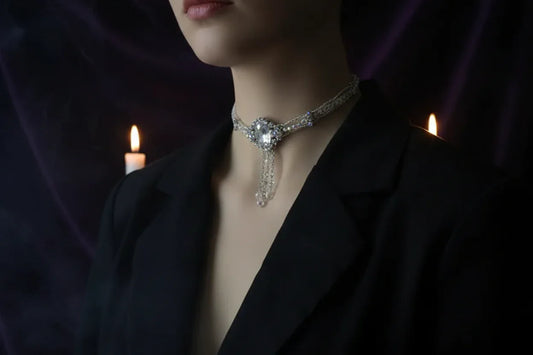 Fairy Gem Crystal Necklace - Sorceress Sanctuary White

--

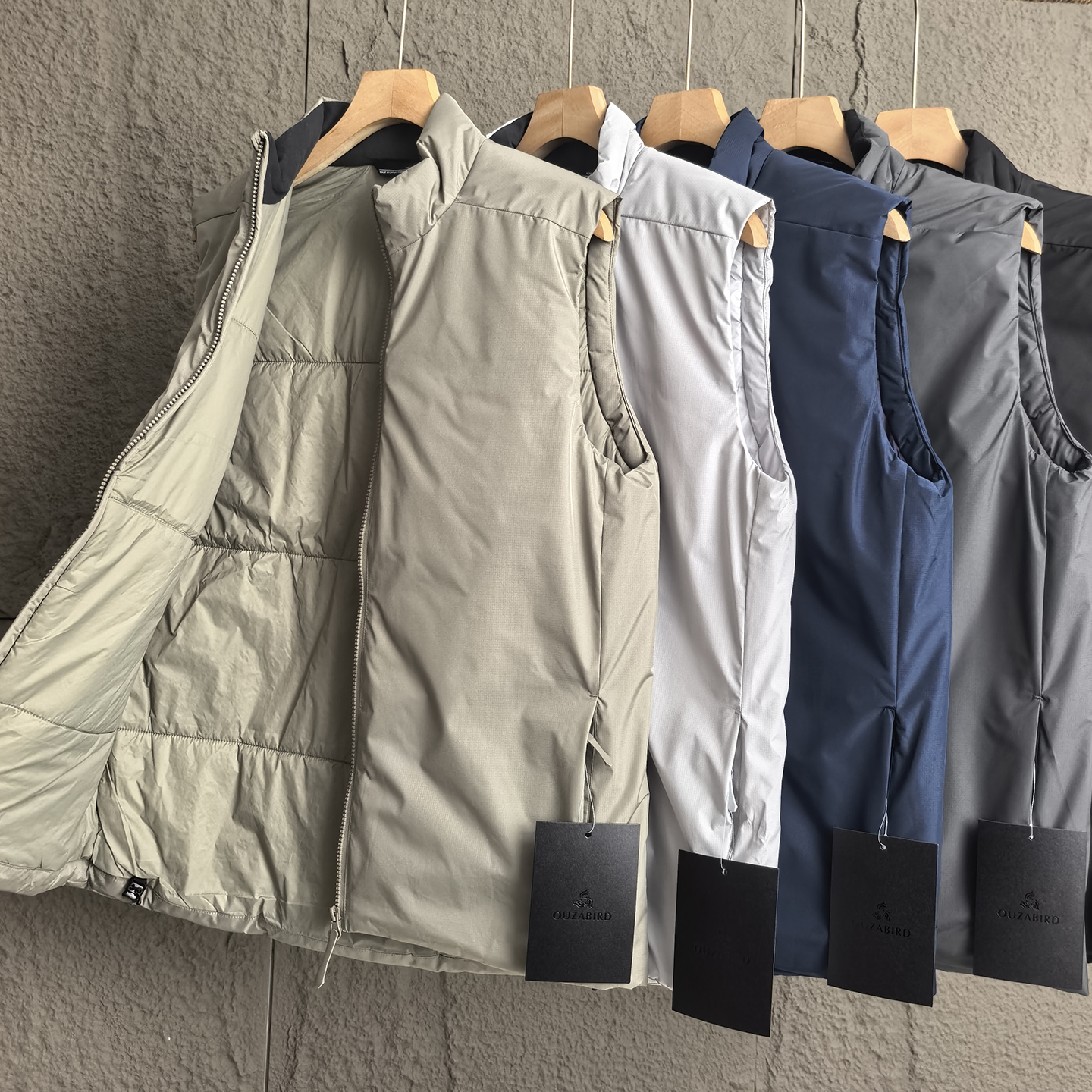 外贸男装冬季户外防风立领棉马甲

==

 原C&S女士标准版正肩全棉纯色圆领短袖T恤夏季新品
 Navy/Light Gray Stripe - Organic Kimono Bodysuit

TASK ITEM: Please output exactly the lines between the one holding "原C&S女士标准版正肩全棉纯色圆领短袖T恤夏季新品" and the one holding "Navy/Light Gray Stripe" in the records above, inclusive, and nothing more.

ANSWER SECTION:
 原C&S女士标准版正肩全棉纯色圆领短袖T恤夏季新品
 Navy/Light Gray Stripe - Organic Kimono Bodysuit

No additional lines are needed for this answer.